We'll have to encapsulate this issue in a unit test, then I can fix it 😄

Does commit-nb strictly require that a notebook be executed? Or can you do a straight jcache stage-nb myntbk.ipynb -> jcache commit-nb?

All notebooks should only be committed if they are in a successfully executed state. It doesn't necessarily have to have been executed via jcache execute, if you have a notebook that you've executed by hand. Again with cache commit-nb --no-validate you can turn off checks.

jcache-execute should say how many notebooks it skipped and executed in the "finished" statement. Something like Finished executing 3 notebooks (5 non-stale notebooks skipped)

Yep 👍 Also with #14, I envisage additional reporting being stored (including failed notebooks). So, after execution, all the notebooks will still be staged, but doing jcache stage list or jcache stage show would give you extra information about its last execution (if available).

It's unclear to me what cat-artifact does. The docstring doesn't disambiguate what PK or ARTIFACT_RPATH is. I'm assuming PK is "Primary Key", but that is database speak not human speak :-)

This probably wouldn't be a generally used feature. It is just to print out the content of an artefact (see explanation below), with the PK being the pointer to the committed notebook and the ARTIFACT_PATH being the path it was 'found' relative to the notebook.

I'm also not sure what an "artifact" is...is it something generated from running code?

Yes. I do explain this a little in the README, but it is essentially any file present in the notebook's folder after execution (that wasn't there before), e.g. if you've used open("path", "w") in your notebook, or this could even be the final kernel state of the notebook (pickled by dill).

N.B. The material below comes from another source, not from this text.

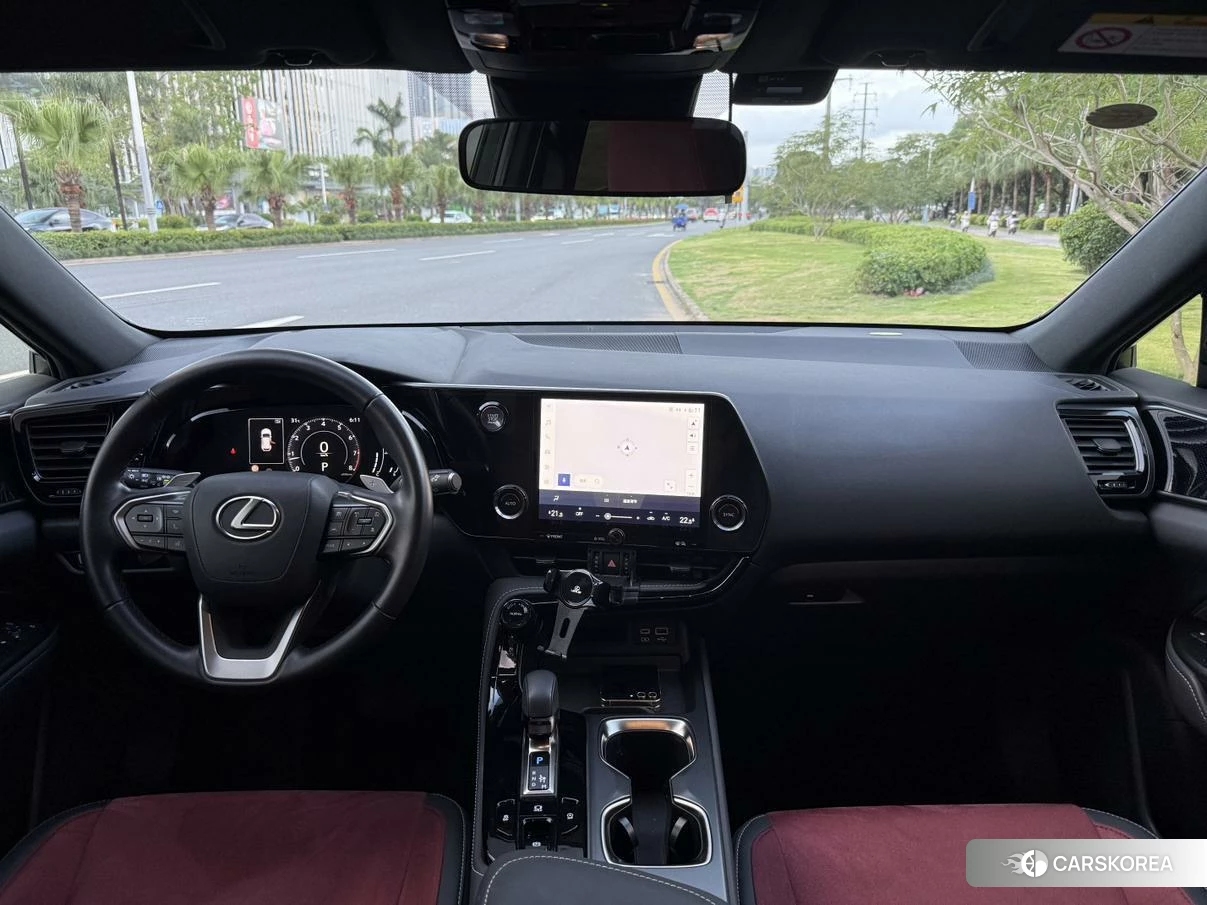 Lexus NX 2023 Серебристо-серый из Китая, фото 4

diff-nb - I'm not sure when a notebook is officially "cached" or not. Is it when I run jcache execute? Or do I have to explicitly do the 'commit'?

Yes jcache execute should/does 'auto-commit' all successfully executed notebook. You can also commit notebooks manually, outside of jupyter execute (see above).

commit-nb - based on the logic of previous steps, I was assuming that this would just "commit everything that is staged right now". I think this is because we are overloading git language. Another suggestion from me that we might this word to be cache not commit to make it explicit when cacheing is happening, and to avoid confusion with git.

Yep good point re: git confusion. At present 'staged' notebooks are just a pointer to the path of the actual notebook outside of the cache. So after jcache execute these notebooks aren't actually modified; the executor just commits the notebook(s) it has created, then the next time you check jupyter staged-list it will now be able to match (via hash) to a committed notebook. So I guess now there is a difference between what git/jcache means by staged:

  • git staged: this file is staged for a commit, and will be commited when git commit is run
  • jcache staged: this notebook is staged for execution, and will be executed when jcache execute is run (if it doesn't already exist in the cache).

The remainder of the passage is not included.